For each of the mappings f given in Excercise 1, determine whether f has a left inverse. Exhibit a left inverse whenever one exists

b. $f(x) = 3x$

I know the function is one to one and has a left inverse as follows

$\begin{array}{rl}
f(m) = f(n) \implies & 3m = 3n\\
\implies & m = n \end{array}$

Based on the lemma we have (lemma 1.24 in our book we know the following)

If there is an element $y \in Z$ such that $f(y)=x$, then $g(x)= y$.
$f(x) = 3x$
$f(y) = 3y$
$x = 3y$
$\frac{x}{3} = y$
$g(x) = \frac{x}{3}$

Now I know that is the inverse of the function but is that the inverse only when x is a multiple of 3? and it's an arbitrary $a_{0}$ for all other conditions? How would I write that ...

A left inverse $g: Z \rightarrow Z$ is $$g(x) = \left\{ \begin{array}{ll} \frac{x}{3} & \mbox{if x is a multiple of 3}\\ 1 & \mbox{if x is not a multiple of 3}\end{array} \right.$$

As you can see the problem is essentially solved it's more or less how do I format my answer that would be expected by a professor when I take this course next semester.

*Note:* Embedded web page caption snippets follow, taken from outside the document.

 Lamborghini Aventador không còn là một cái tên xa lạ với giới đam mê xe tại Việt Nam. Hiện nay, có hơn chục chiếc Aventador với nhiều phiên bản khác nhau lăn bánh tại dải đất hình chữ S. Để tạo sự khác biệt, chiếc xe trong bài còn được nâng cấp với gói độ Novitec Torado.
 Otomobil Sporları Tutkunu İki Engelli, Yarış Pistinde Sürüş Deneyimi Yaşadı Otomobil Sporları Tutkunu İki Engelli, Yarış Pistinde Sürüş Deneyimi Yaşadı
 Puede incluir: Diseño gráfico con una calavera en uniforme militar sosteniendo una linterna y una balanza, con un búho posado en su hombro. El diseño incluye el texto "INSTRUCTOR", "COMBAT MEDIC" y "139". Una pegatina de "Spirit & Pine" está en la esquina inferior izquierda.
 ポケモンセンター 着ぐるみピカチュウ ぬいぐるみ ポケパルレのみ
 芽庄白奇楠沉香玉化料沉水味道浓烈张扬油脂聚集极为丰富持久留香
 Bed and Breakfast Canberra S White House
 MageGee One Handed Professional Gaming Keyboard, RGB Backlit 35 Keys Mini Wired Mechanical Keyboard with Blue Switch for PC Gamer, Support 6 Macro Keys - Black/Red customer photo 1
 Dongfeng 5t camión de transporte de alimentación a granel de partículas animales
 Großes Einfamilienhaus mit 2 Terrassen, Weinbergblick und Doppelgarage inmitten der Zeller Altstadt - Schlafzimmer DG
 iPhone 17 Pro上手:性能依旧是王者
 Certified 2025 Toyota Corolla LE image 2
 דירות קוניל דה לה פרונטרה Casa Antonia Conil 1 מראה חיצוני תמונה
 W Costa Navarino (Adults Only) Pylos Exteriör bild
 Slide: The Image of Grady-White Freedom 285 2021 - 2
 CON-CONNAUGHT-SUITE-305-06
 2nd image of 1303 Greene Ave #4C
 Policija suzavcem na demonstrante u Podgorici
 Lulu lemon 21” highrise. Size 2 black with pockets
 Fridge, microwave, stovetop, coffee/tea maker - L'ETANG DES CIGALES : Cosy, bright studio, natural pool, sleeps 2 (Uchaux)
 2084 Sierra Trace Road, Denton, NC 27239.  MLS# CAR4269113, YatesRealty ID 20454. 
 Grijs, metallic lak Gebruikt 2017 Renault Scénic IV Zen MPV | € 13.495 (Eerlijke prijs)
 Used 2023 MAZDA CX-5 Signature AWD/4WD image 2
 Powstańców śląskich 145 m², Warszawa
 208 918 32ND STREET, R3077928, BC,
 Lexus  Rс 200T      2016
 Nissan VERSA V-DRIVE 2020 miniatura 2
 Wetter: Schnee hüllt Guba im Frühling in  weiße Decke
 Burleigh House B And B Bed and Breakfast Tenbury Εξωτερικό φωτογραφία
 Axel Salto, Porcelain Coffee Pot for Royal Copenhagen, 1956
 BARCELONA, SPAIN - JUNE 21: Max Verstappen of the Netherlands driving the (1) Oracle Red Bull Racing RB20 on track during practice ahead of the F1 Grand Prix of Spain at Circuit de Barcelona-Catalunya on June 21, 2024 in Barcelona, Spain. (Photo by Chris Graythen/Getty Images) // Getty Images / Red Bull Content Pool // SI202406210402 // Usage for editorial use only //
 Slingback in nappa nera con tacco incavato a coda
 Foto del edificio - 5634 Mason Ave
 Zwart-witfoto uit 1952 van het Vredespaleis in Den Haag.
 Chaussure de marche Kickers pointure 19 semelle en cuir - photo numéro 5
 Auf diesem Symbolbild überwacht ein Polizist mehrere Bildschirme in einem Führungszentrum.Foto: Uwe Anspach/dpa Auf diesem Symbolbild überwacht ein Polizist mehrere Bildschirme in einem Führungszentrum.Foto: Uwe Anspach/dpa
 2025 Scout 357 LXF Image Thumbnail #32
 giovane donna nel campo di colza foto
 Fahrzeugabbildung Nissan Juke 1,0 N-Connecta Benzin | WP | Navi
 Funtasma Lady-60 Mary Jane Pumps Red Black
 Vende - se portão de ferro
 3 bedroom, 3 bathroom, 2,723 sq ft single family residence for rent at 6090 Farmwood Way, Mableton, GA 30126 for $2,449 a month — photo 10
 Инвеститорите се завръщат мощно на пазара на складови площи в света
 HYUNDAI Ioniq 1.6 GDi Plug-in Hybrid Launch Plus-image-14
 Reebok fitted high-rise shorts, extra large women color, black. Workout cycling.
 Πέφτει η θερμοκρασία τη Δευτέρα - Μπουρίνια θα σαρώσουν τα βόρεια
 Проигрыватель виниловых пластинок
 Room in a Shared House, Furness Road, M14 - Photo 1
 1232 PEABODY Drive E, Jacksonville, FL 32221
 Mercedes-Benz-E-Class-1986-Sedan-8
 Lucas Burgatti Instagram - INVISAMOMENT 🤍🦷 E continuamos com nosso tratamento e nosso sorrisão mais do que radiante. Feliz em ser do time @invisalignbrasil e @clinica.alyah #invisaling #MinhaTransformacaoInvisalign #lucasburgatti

2. Originally Posted by imind
As you can see the problem is essentially solved it's more or less how do I format my answer that would be expected by a professor when I take this course next semester.
I doubt that any of us could possibly know what any particular professor expects of you. You did not even tell the name of the course or the level.

3. It's modern algebra ... 3000 level or junior level ...

Does anyone know if the above I wrote is actually correct? (the course shouldn't be relevant to if the information is right or not ...)

4. Found the answer I needed ... it is indeed

$$g(x) = \left\{ \begin{array}{ll} \frac{x}{3} & \mbox{if x is a multiple of 3}\\ 1 & \mbox{if x is not a multiple of 3}\end{array} \right.$$

1 can be any arbitrary value you choose.